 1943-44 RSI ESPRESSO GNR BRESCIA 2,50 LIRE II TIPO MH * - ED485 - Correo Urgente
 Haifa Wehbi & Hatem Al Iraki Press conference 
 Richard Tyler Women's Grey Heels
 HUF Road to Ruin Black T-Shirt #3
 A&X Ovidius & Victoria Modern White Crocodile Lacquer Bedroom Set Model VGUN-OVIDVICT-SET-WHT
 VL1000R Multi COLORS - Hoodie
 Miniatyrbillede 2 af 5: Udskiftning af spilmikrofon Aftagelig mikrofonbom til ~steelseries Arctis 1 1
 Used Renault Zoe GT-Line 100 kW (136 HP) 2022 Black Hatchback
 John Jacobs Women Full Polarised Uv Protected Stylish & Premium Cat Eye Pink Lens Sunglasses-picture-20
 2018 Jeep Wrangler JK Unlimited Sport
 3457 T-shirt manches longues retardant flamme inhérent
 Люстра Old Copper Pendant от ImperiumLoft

* * * *

Filter on the word "Black": copy each matching line from the entries above.

#### Exercise output
 HUF Road to Ruin Black T-Shirt #3
 Used Renault Zoe GT-Line 100 kW (136 HP) 2022 Black Hatchback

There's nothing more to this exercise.